Greenwald demonstrates that the press is fine with the administration leaking information that is entirely in the administration’s interests while criminalizing whistleblowers and journalists. (As David Gregory grilled Greenwald on Meet the Press, asking why he shouldn’t  be arrested for reporting on the contents of top secret documents, Gregory casually mentioned that he interpreted a secret court order differently, with his knowledge of it “based on people that I’ve talked to.” Gregory wasn’t a criminal because his leaker was pro-administration. Leaks are only criminal if the administration says so. Boom!) Greenwald calls on journalists to embrace an outsider identity, to refuse to run stories by authorities, as the New York Times did, delaying publication of their story about warrantless wiretapping for over a year and past a presidential election, only publishing when another news organization scooped them. He faults the Guardian for complying with GCHQ demands to ritualistically smash laptops containing copies of the Snowden documents in the presence of government officials. He feels they should have refused, even in the face of threatened closure, to force the issue. He asks journalists to place as high a value on government accountability as Snowden himself, even if it puts them at the same level of risk. He urges reporters to follow David Halberstam and Seymour Hirsch’s  example and confront power rather than cozy up to it, hoping for access to highly-placed unnamed sources. You know, like the ones who placed on the front pages of the Times a totally mendacious excuse for invading Iraq as if it was actual reporting.  

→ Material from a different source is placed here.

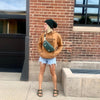 Women's Slouch Hat | Dark Green Slouchy Beanie - b.e.happe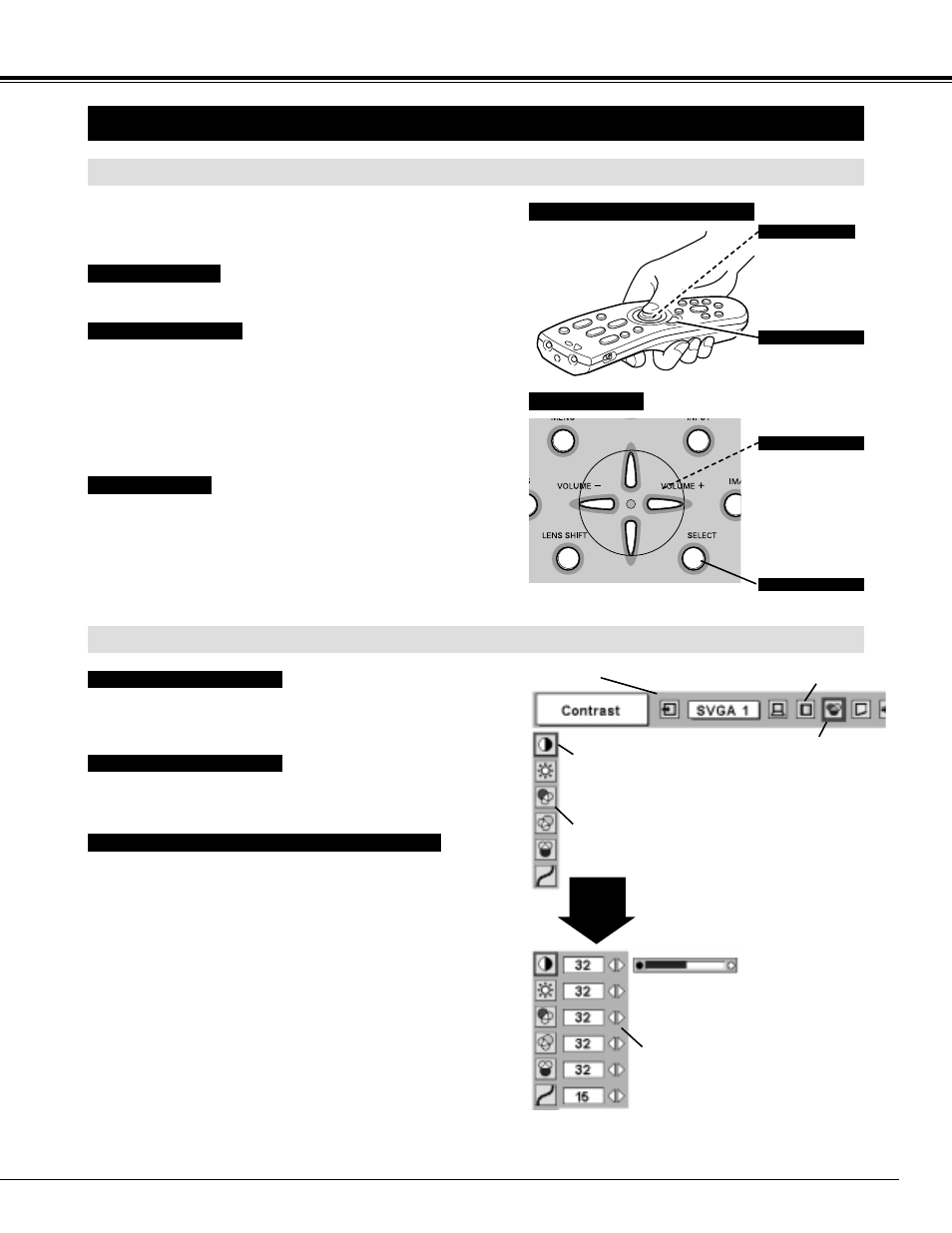 Operating on-screen menu | BOXLIGHT MP-41t User Manual | Page 17 / 44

The story Greenwald tells about the NSA and its overreaching assault on civil liberties is shocking, but not surprising to me. The chapter on the news media was. I knew about most of the material he used in the chapter, but hadn’t put it all together as he does, and it’s deeply troubling. We need to stop mass surveillance, and to do that we need a free press. No Place to Hide explains why these things are so important and how they are connected. The whole world is being watched. To reclaim privacy, we need the help of an independent press that serves the public’s right to know rather than the government’s need to control the message. Our best defense against a turnkey totalitarian system is knowing that the whole world is watching. We wouldn't be able to do that without Edward Snowden and the courage of committed journalists.